──────── EXTRACTED RECORDS ────────
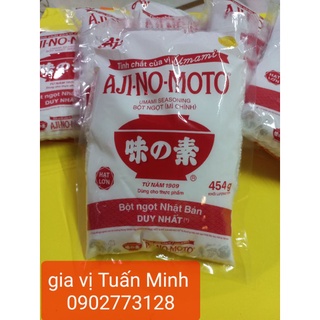 Bột ngọt ajinomoto 454g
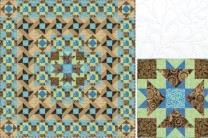 Crystal Sands Quilt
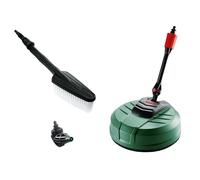 Bosch Hidrolimpiadora de alta presión Kit limpieza casa y coche limpiador terrazas boquilla 90°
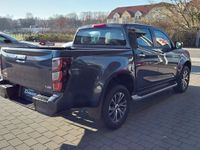 Neu Isuzu D-Max 163 PS (119 kW) 2025 Grau Pickup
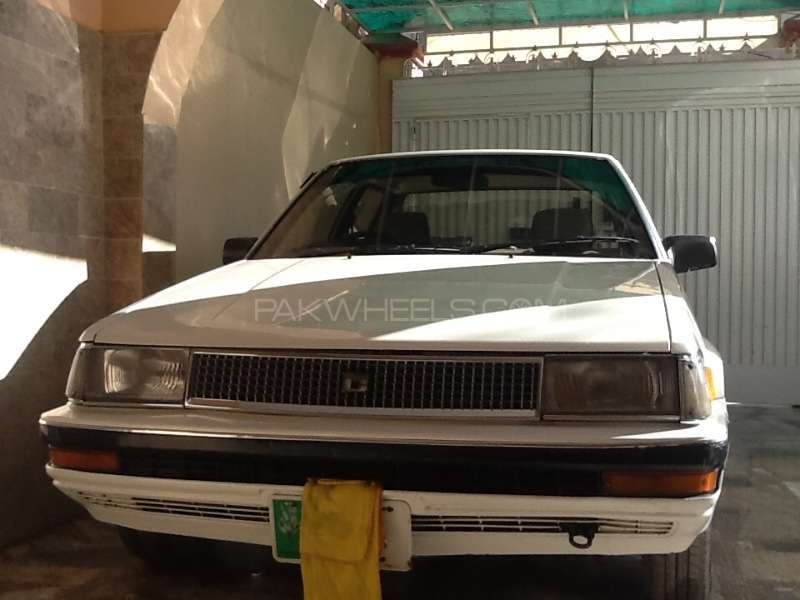 Toyota Corolla 1986 for Sale in Quetta Image-1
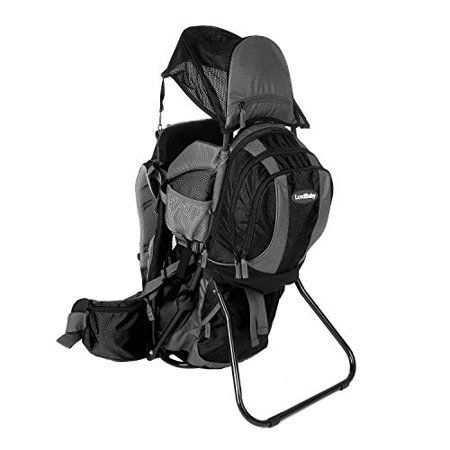 Premium Baby Backpack Carrier with Removable Backpack - 2 in 1 Hiking with Kids | Walmart (US)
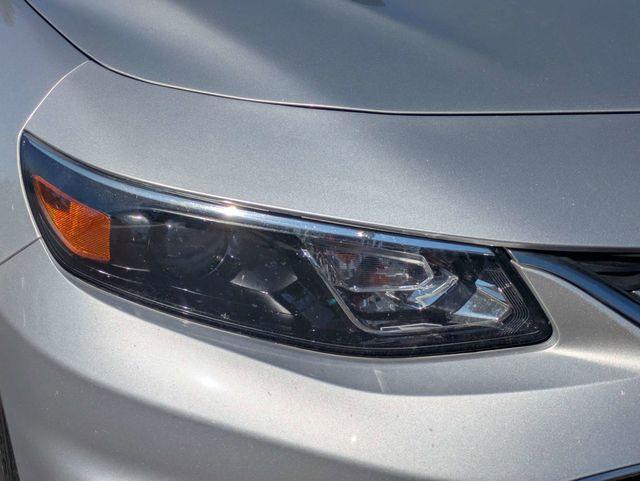 used 2018 Chevrolet Malibu car, priced at $9,832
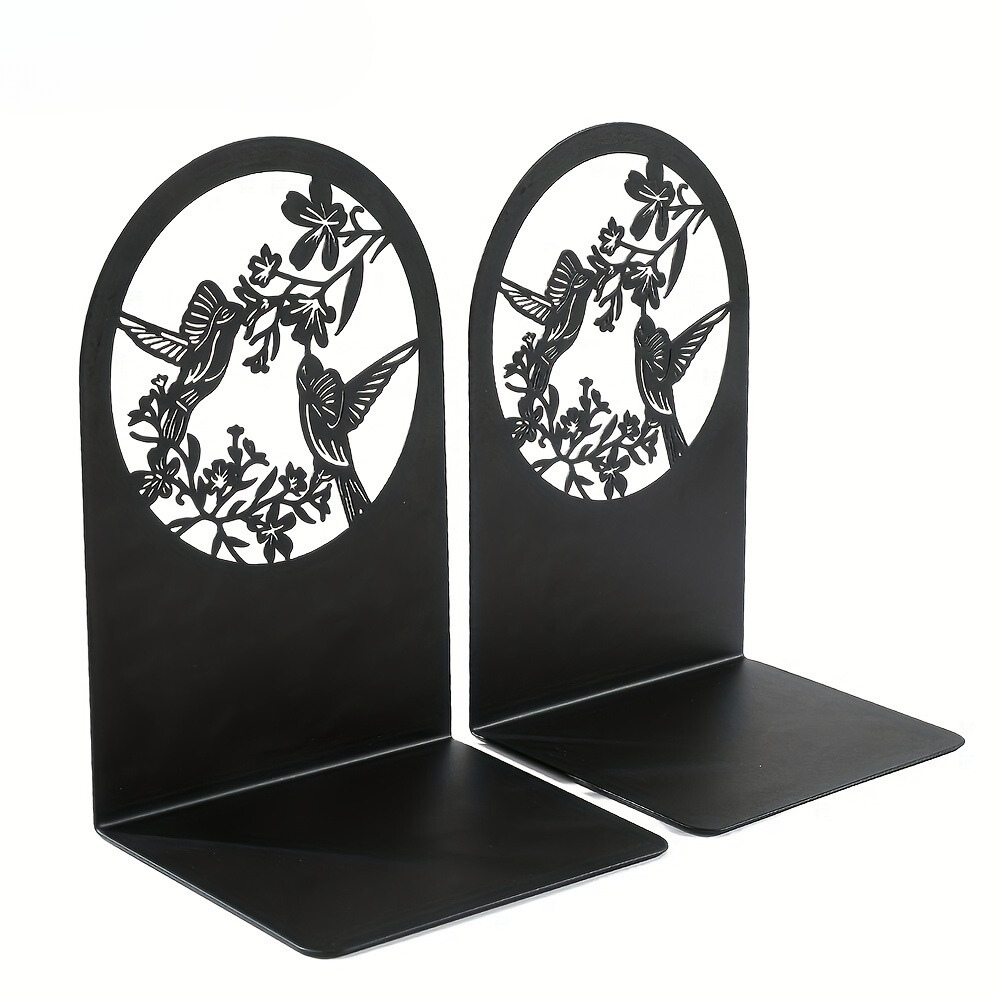 BirdFlora – Elegant Book Stands in Bird Shape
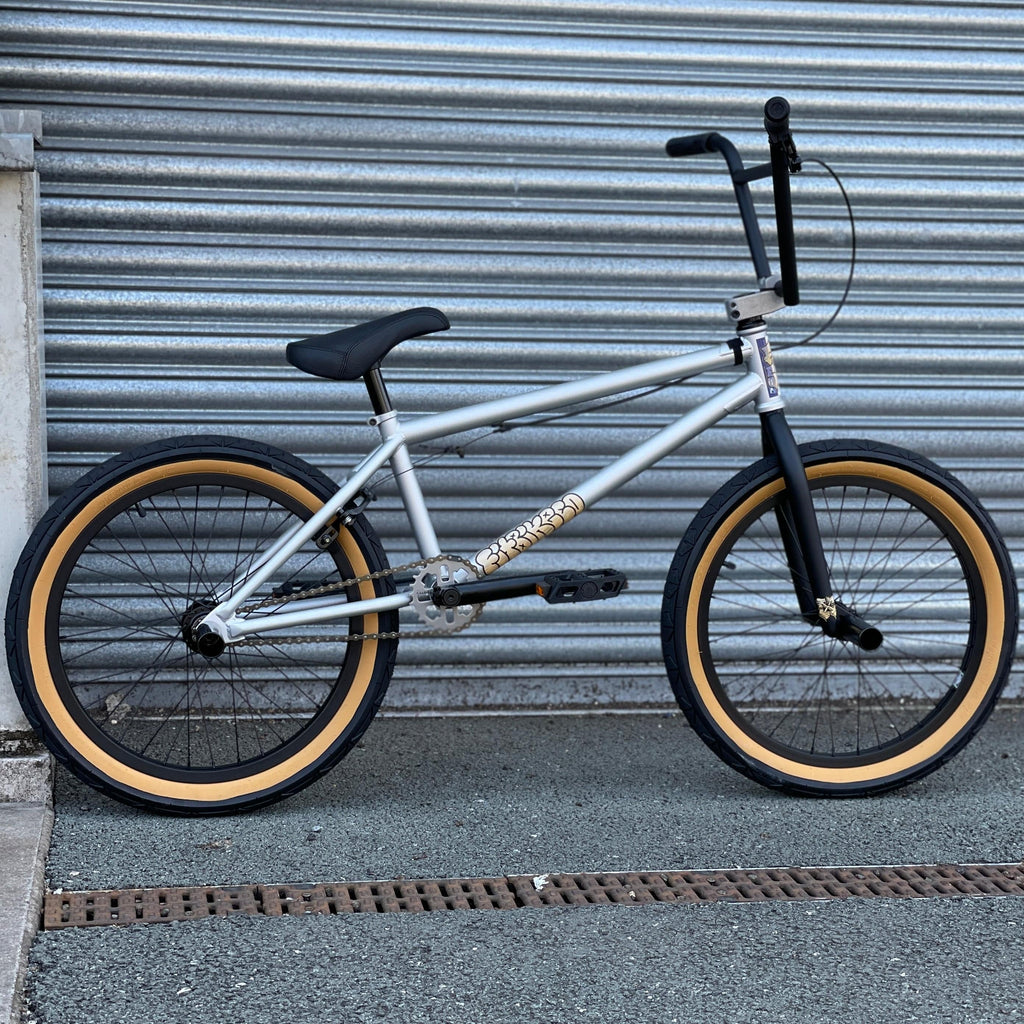 Bmx freecoaster complete bike Clearance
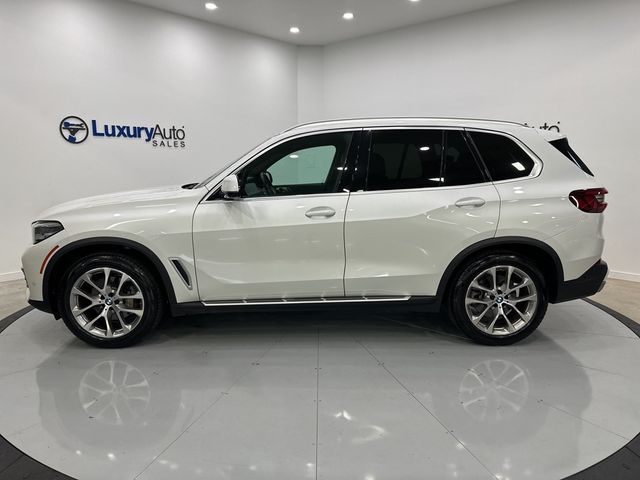 2023 BMW X5 xDrive40i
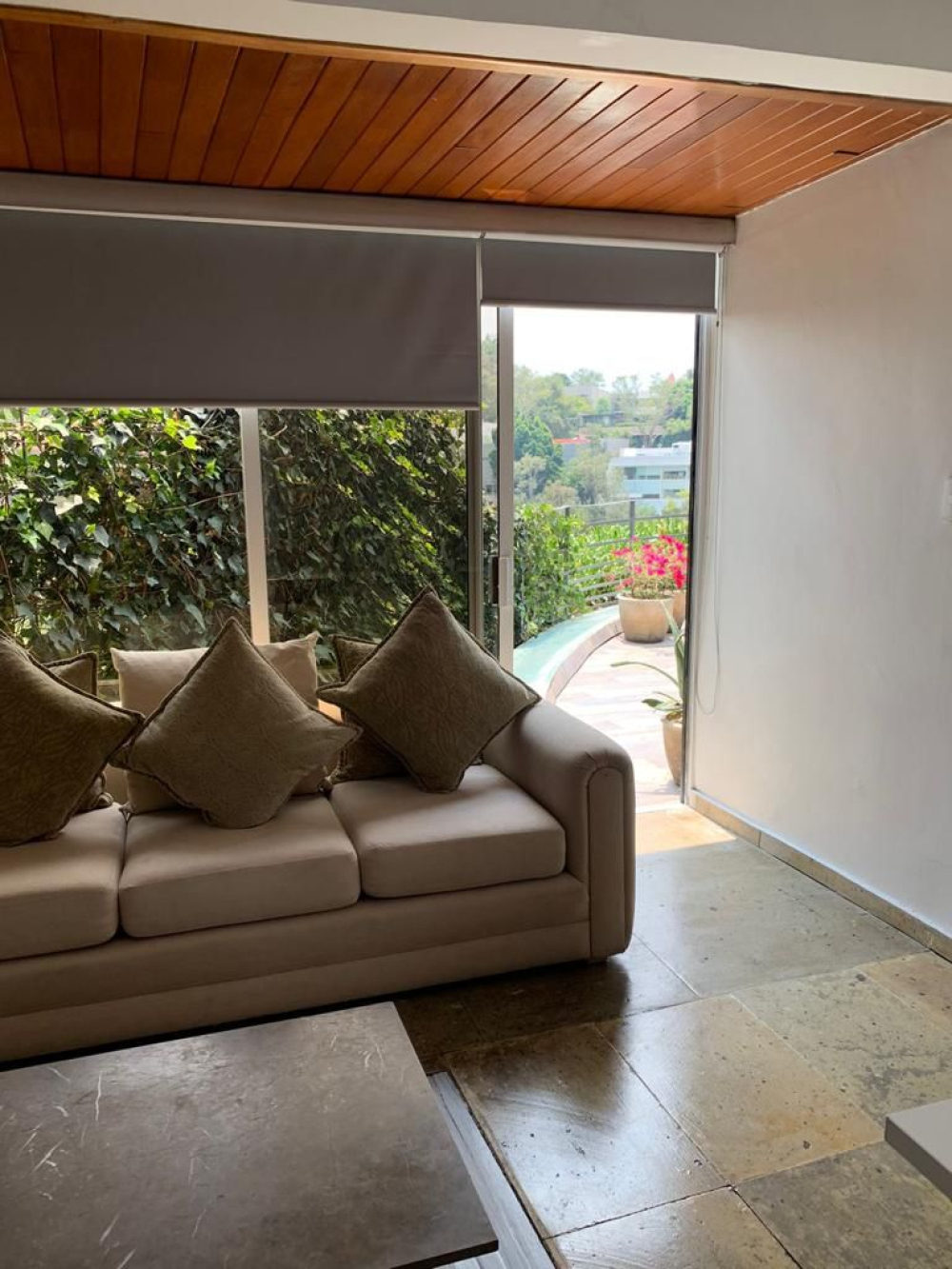 Departamento En Renta En Lomas De Reforma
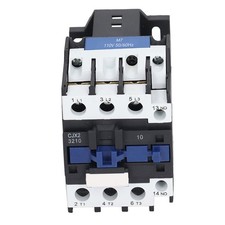 3 Phase AC Contactor With
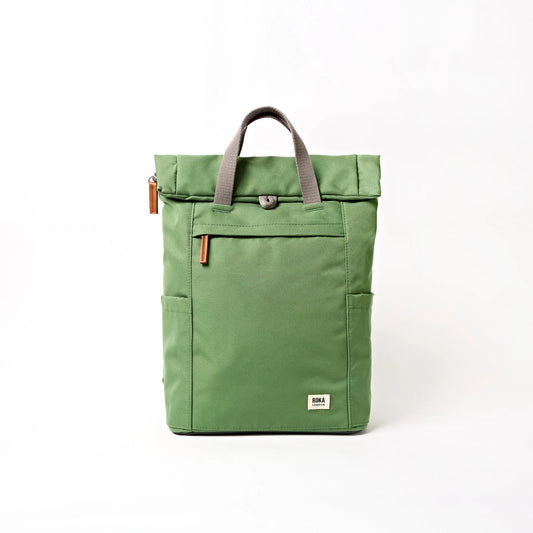 Finchley Backpack in Artichoke | Medium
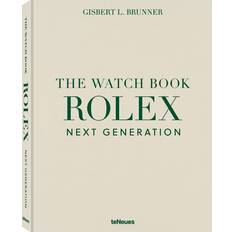 The watch book rolex The Watch Book Rolex: Next Generation (Bog, Hardback, Engelsk) (Indbundet)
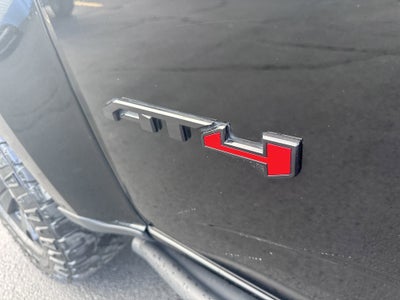 2022 GMC Canyon AT4 - Leather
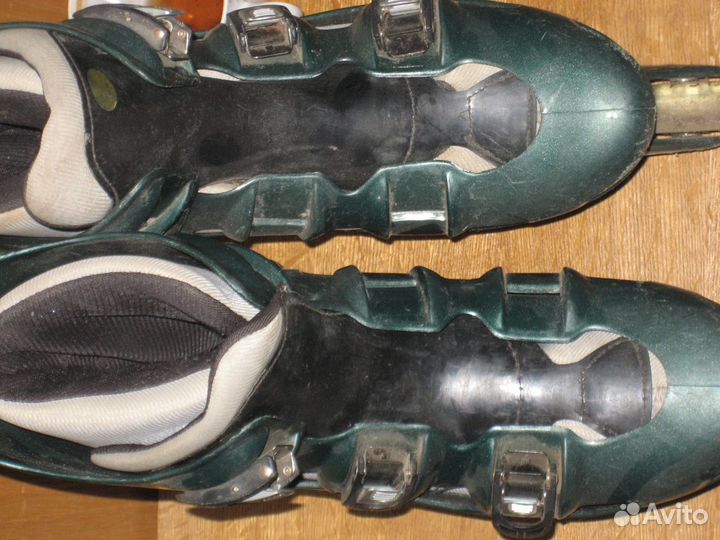 Роликовые коньки 42 размер
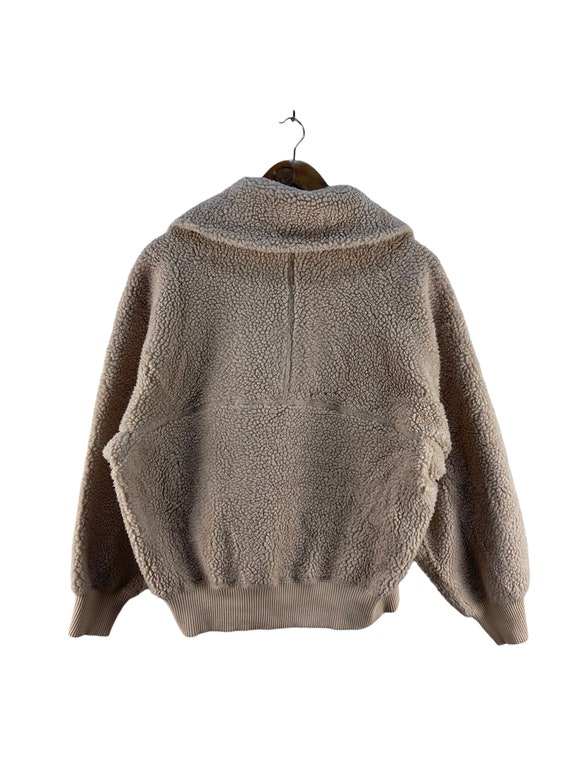 Uniqlo teddy hotsell bear jacket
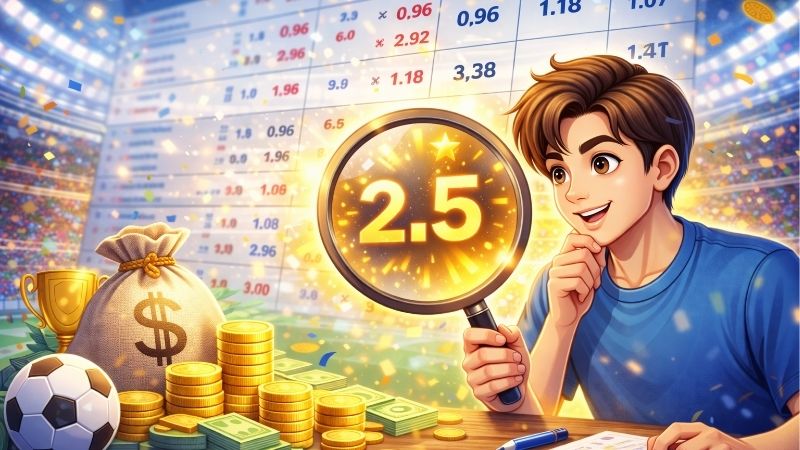 Cách nhận biết kèo thơm: Bí quyết chọn trận đấu dễ thắng nhất 2 cach-nhan-biet-keo-thom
────────
§ WORK ORDER: An exact copy is needed. It runs from the line above containing "Finchley Backpack in Artichoke | Medium" down to the line containing "Uniqlo teddy hotsell bear jacket", both included, with no pictures.

§ TASK RESPONSE:
 Finchley Backpack in Artichoke | Medium
 The watch book rolex The Watch Book Rolex: Next Generation (Bog, Hardback, Engelsk) (Indbundet)
 2022 GMC Canyon AT4 - Leather
 Роликовые коньки 42 размер
 Uniqlo teddy hotsell bear jacket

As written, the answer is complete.